And the sun is really clear. I can’t say it’s intense. But it’s definitely shining with purpose. And everything just seems much more yellow. Not just golden, but all sorts of yellow. Plants that might normally turn brassy gold are almost neon bright.Ones that are usually amber are more like saffron.
Brown lichens are mustardy against greenish-grey bluestone.
And faded barn reds are cerise with veins of sunflower yellow.
Maybe I’m imagining it. But even my Golden Feverfew (Tanacetum parthenium ‘Aureum’), that reverted to green years ago, has sent up lemony-lime foliage among the fading daylily leaves… which are surprisingly sunny this year.
Overall, everything seems more cheerful, even with the regular untidiness of fall. The grass greens seem so much more citrusy. So the blue greens are frostier. And the dark, dark greens are more black. It’s like someone adjusted the Technicolor.

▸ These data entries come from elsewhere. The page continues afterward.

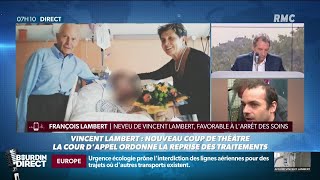 Affaire Vincent Lambert dialogue impossible entre lavocat des parents et le neveu du tétraplégique [upl. by Uzziel]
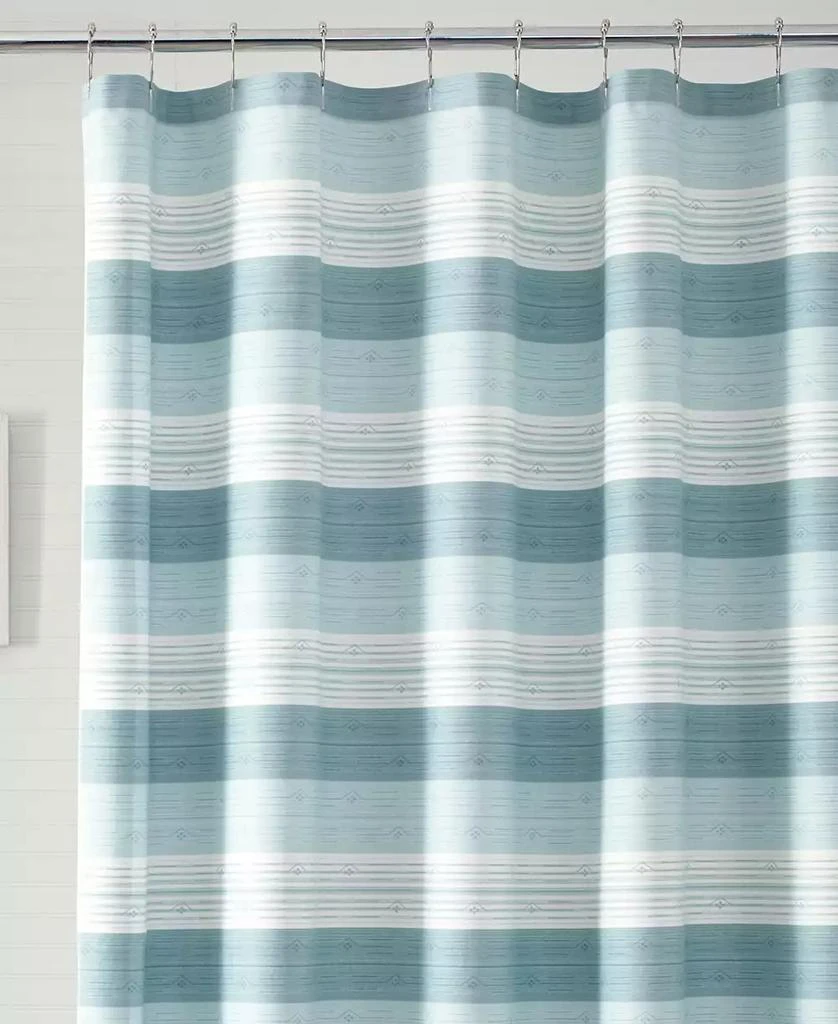 Tommy Bahama Home Hula Beach Cotton Shower Curtain, 72" x 72" 2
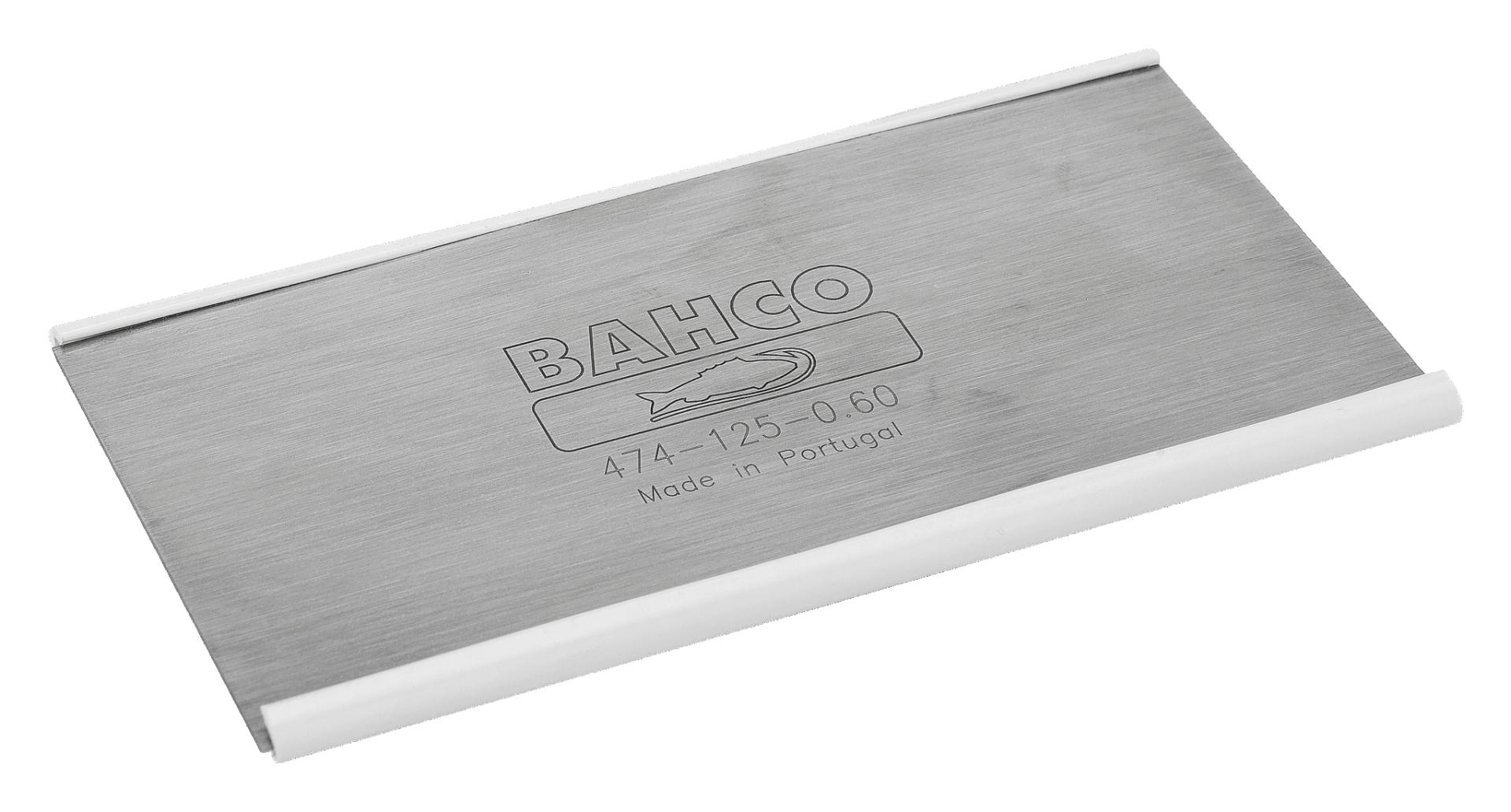 Raschietto per ebanisti con bordo protetto in plastica 125 mm x 0,8 mm Bahco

And there’s so much activity. From the wind and leaves, of course. But there are also tons of birds in the yard. Wrens, finches, sparrows, chickadees, small downy woodpeckers and large jays and cardinals, all taking advantage of the bits and pieces of plant stuff drying around them.
The past few days have reminded me of three British artists I really like.
Mark Hearld, Angie Lewin and Emily Sutton share a lot in common in their work, and I suspect, in their interests. They are obviously interested in the natural world. But they are also inspired by early British Modernism and interwar and postwar decorative design.
|Long Live Weeds by Mark Hearld|
|Larch by Angie Lewin|
|Corner field, Stillington by Emily Sutton|
They live and have studied in northern Britain: Mark in Glasgow and York; Angie in northern Norfolk and Emily in Edinburgh and York. They predominately work on paper: wood-block prints, lithographs, linocuts, silkscreens, watercolors and collages. But they also experiment with fabric. All have designed fabrics for St. Jude’s, a gallery that has branched into hand-printed textiles.
|Nature Table by Angie Lewin|
|Doveflight by Mark Hearld|
And it seems like they are all drawn to palettes with lots of yellows, browns and blues.
|Stony Track by Angie Lewin|
|Pisanello's Hare by Mark Hearld|
|Night Horseman by Emily Sutton|
And birds. Lots of birds. And feathers.
Their art always seem so kinetic to me. Like the wind is perpetually blowing.
|Grainfield by Angie Lewin|
|The Quince Tree by Mark Hearld|
Even Emily’s still-lifes are full of activity.
|Still Life by Emily Sutton|
So, capture this beautifully tawny fall in your memory, and let Mark Hearld, Angie Lewin and Emily Sutton help.